Any images in the records should be skipped; transcribe the rest exactly.
── Excerpted data
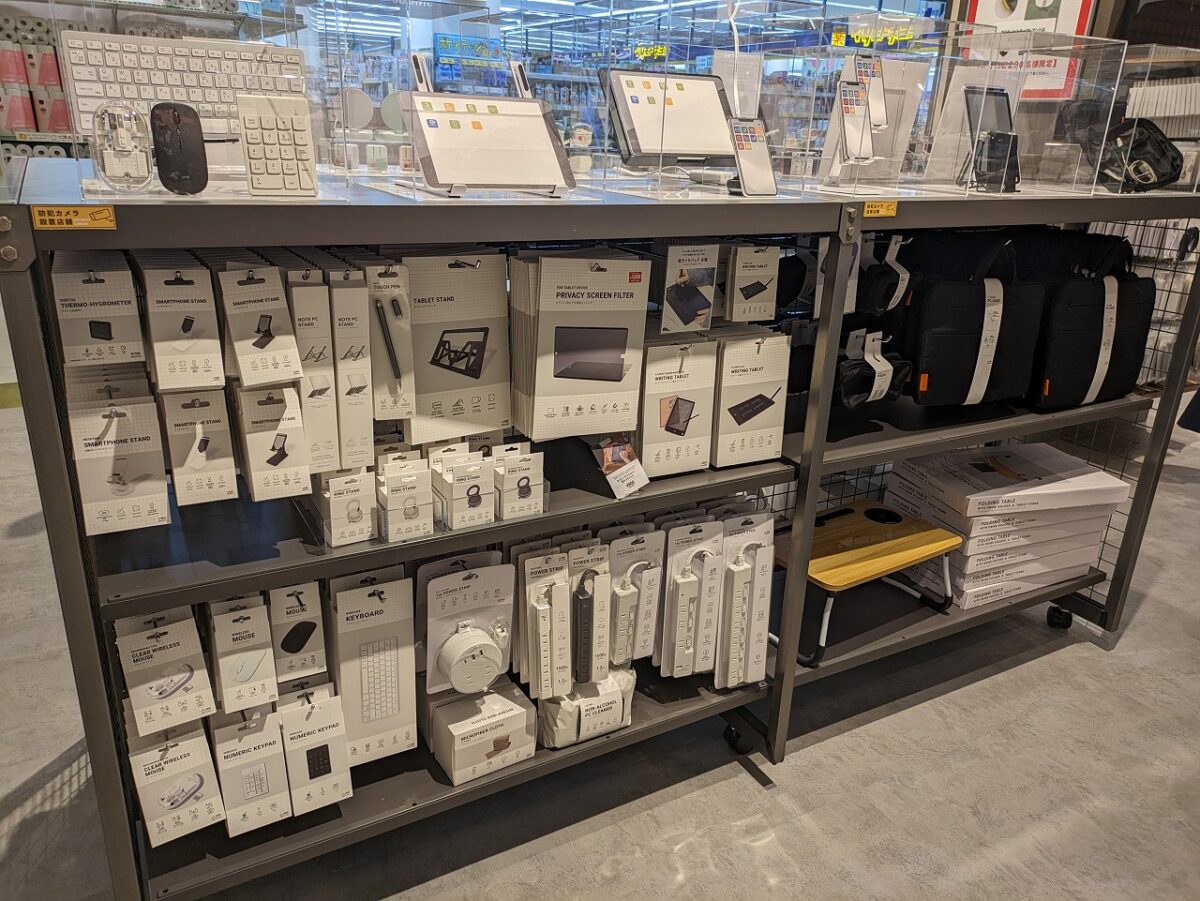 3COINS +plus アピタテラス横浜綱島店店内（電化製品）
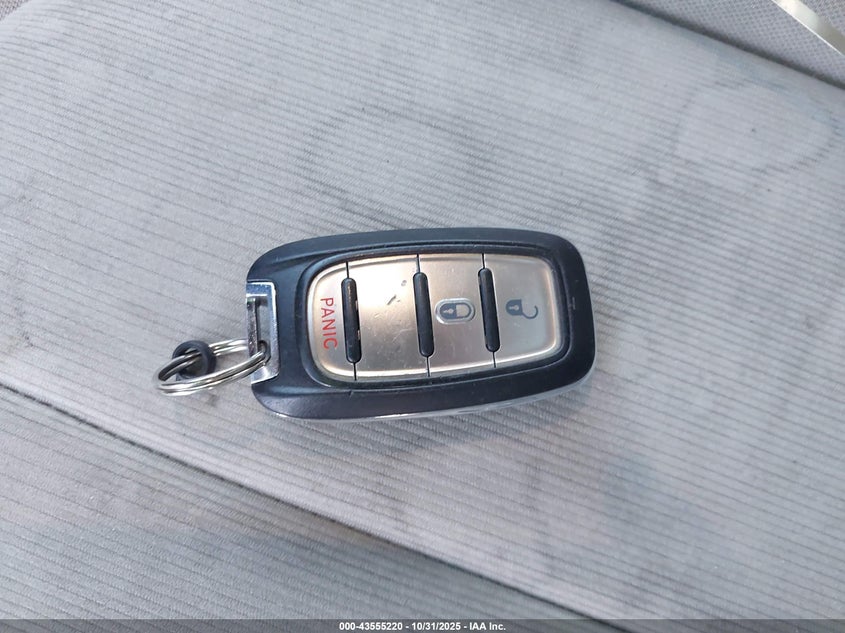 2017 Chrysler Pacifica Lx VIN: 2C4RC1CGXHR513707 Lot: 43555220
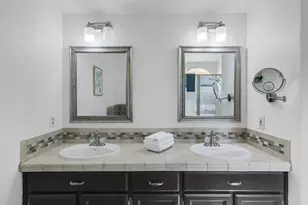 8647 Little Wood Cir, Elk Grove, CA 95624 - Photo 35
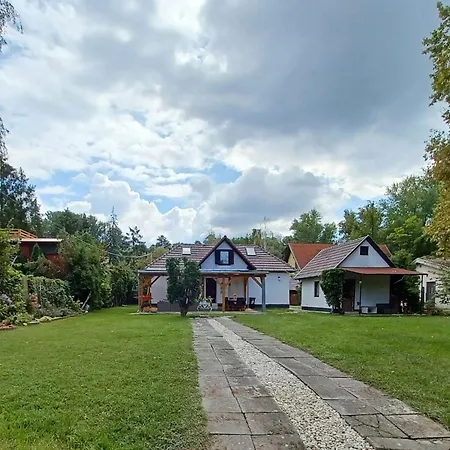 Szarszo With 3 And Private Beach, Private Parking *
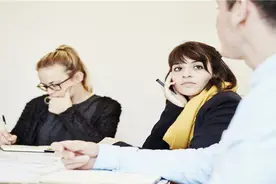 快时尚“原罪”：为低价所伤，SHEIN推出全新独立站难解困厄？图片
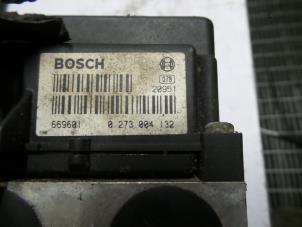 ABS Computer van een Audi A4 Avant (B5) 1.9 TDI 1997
────
Task response.
 3COINS +plus アピタテラス横浜綱島店店内（電化製品）
 2017 Chrysler Pacifica Lx VIN: 2C4RC1CGXHR513707 Lot: 43555220
 8647 Little Wood Cir, Elk Grove, CA 95624 - Photo 35
 Szarszo With 3 And Private Beach, Private Parking *
 快时尚“原罪”：为低价所伤，SHEIN推出全新独立站难解困厄？图片
 ABS Computer van een Audi A4 Avant (B5) 1.9 TDI 1997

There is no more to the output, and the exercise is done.